The Mudcat Café TM
Thread #104378   Message #3038718
Posted By: Amos
23-Nov-10 - 11:44 AM
Thread Name: BS: Random Traces From All Over
Subject: RE: BS: Random Traces From All Over
...(T)here's a shocking report recently published by astrophysicists at the University of Arizona in Tucson: The Milky Way's baby black holes are missing.

It might sound like a bizarre singularity kindergarten kidnapping case (I'm looking at you Andromeda), but Feryal Özel's Arizona team are in doubt as to whether the baby black holes existed in the first place.


WATCH VIDEO: Did you know there's a black hole in the center of our galaxy? A stellar-mass black hole is theorized to be created after a supernova. Supernovae are triggered when stars over eight-times the mass of our sun reach the end of their lives after catastrophically running out of fuel feeding stellar core fusion.

Immediately after supernova, if the remnant core has a mass of less than three suns, one would expect a blob of degenerate neutron matter to be spinning in the explosion's wake. This is a neutron star.
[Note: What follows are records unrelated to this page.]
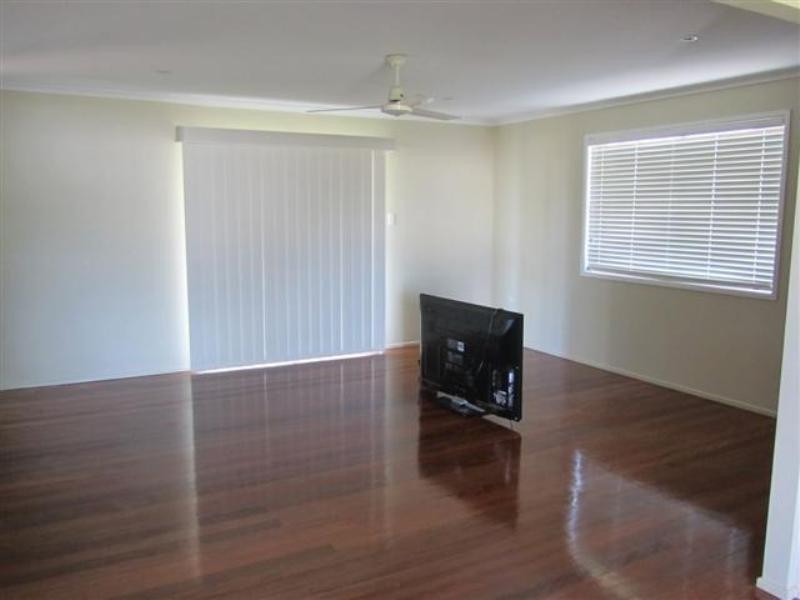 61 Hibiscus Street, Urangan QLD 4655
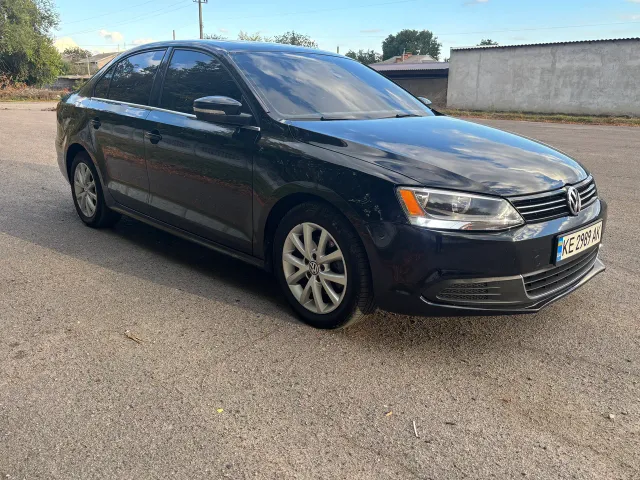 Volkswagen Jetta - фото 2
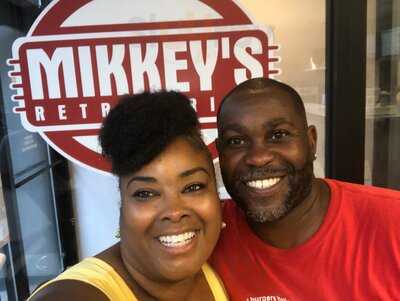 Mikkey's Retro Grill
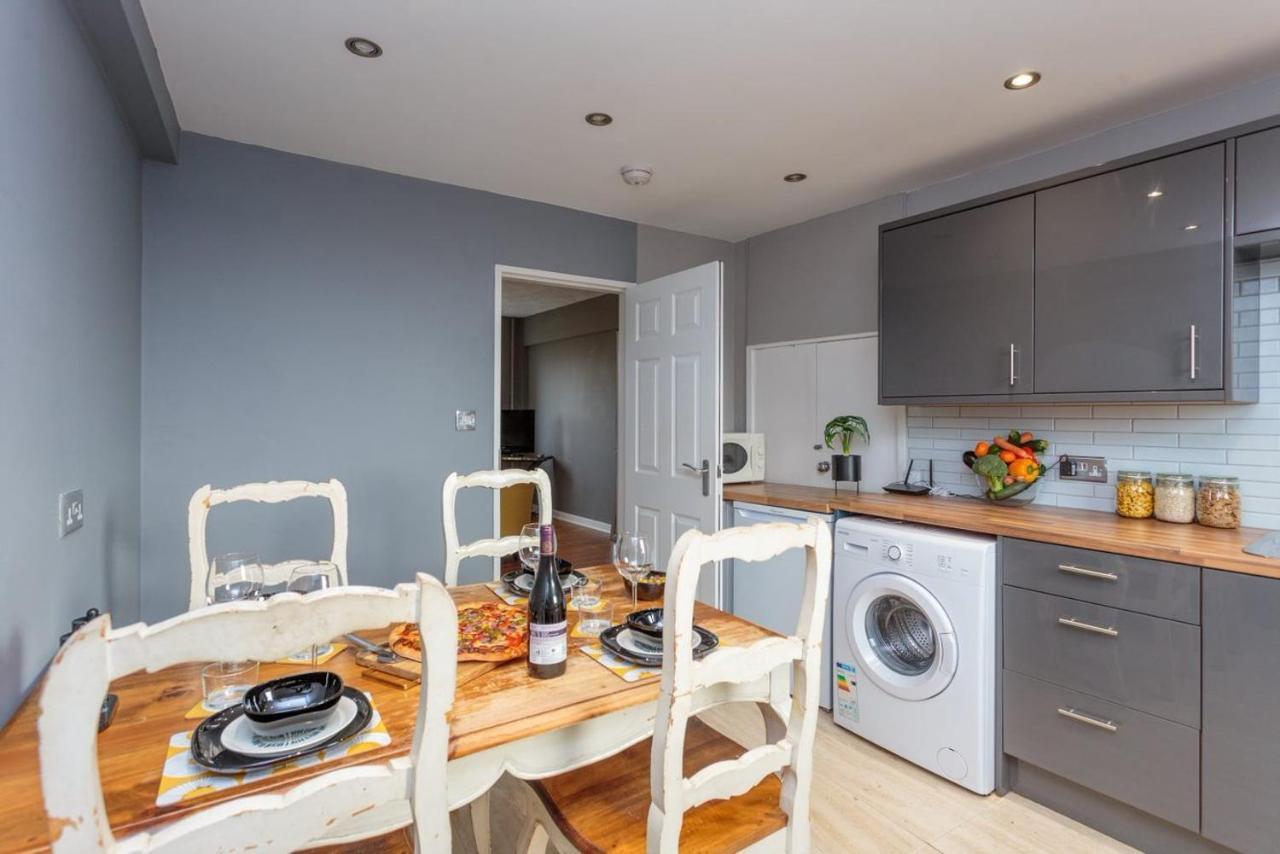 Gorgeous 3-Bed Flat, 15 Minutes To City Centre Edinburg Exteriör bild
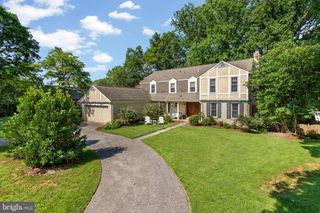 9812 HILL ST, Kensington, MD 20895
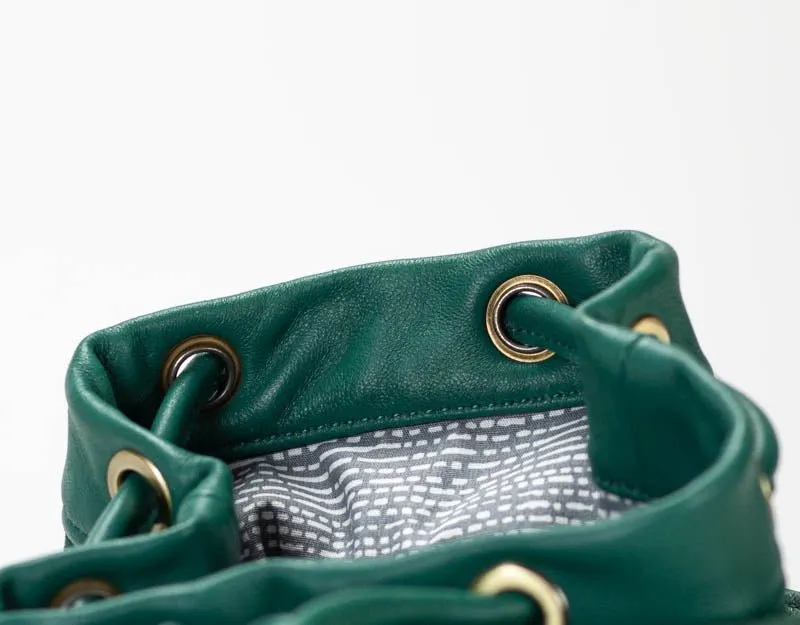 Helon bucket bag - Handwoven petrol green leather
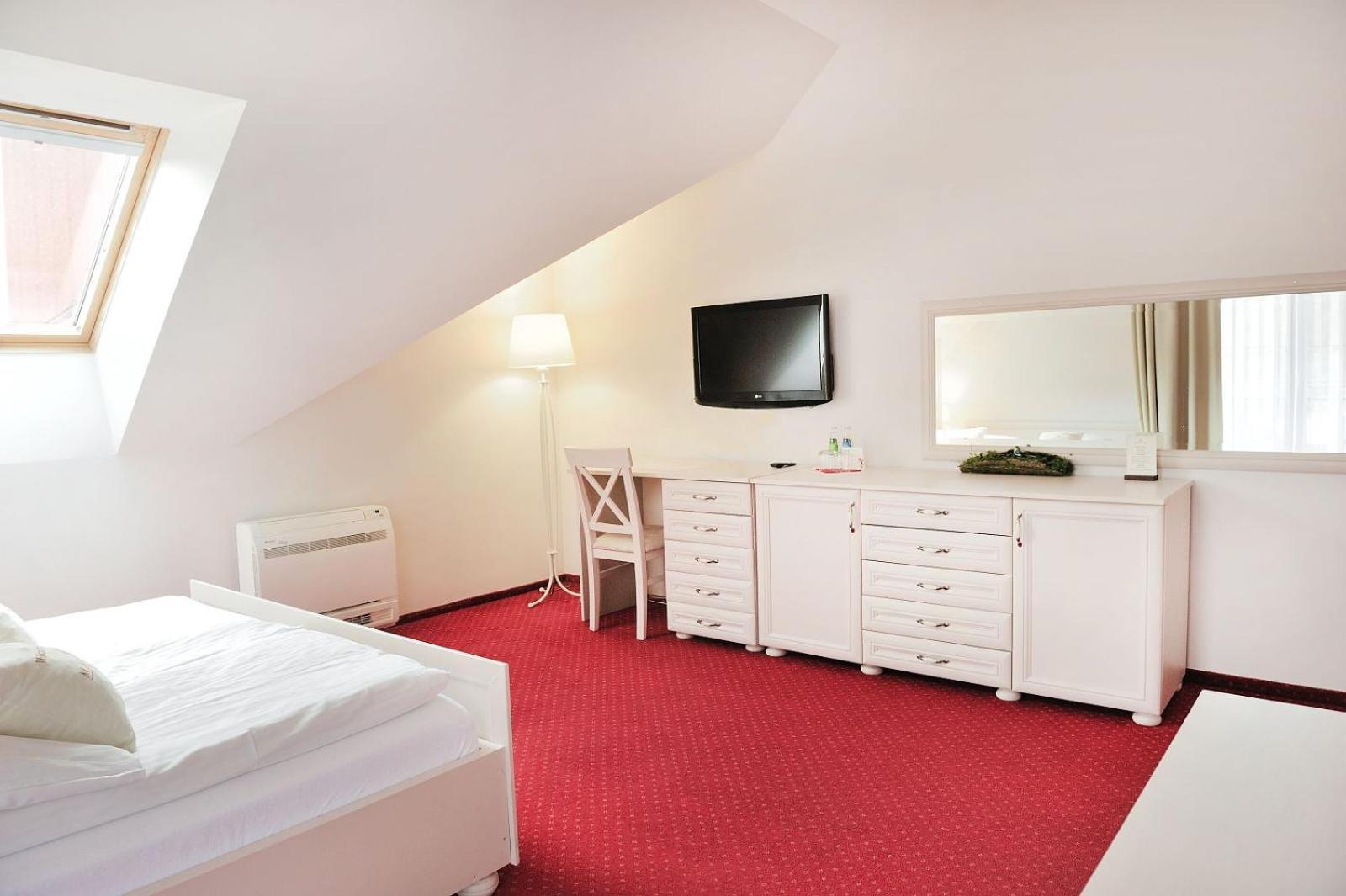 Malutkie Resort Radomsko Eksteriør billede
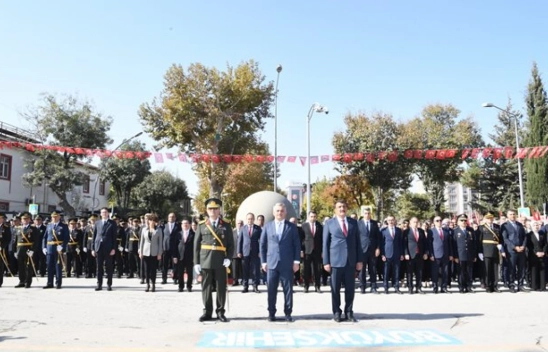 29 Ekim Cumhuriyet Bayramı Kutlamaları Çelenk Sunma Töreni İle Başladı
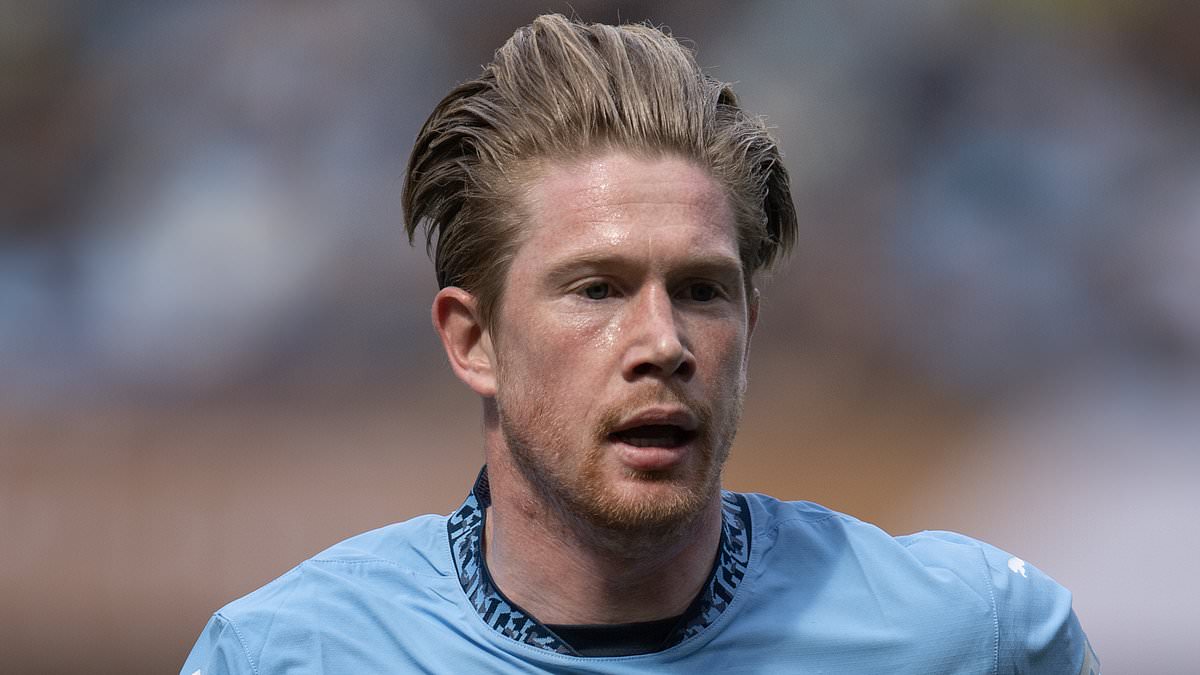 De Bruyne et Grealish - Fin de saison mouvementée à Manchester City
However, if the supernova remnant exceeds three solar masses, conventional physics suggests a black hole should be left behind.

But there's a problem. No stellar-mass black holes weighing between 2-5 solar masses have ever been observed, putting a serious question mark over the lower-mass black hole theory.

What's going on? Are low-mass black holes vanishing? Or is there some black hole formation process we're not familiar with?


Özel's team studied 16 binary systems in our galaxy known to contain a black hole and a stellar partner. None of them had a black hole of 2-5 solar masses living there, even after observational uncertainties were considered. Their findings will be published in the Astrophysical Journal.




All right you clowns--Casseiopea? Betelgeuse? Horsehead? Where'd you stash the black holes, huh? You relaize you are putting the entire balance of forces in our galaxy at risk here? Quit dicking around (or asimoving around, or heinleining around, whatever...).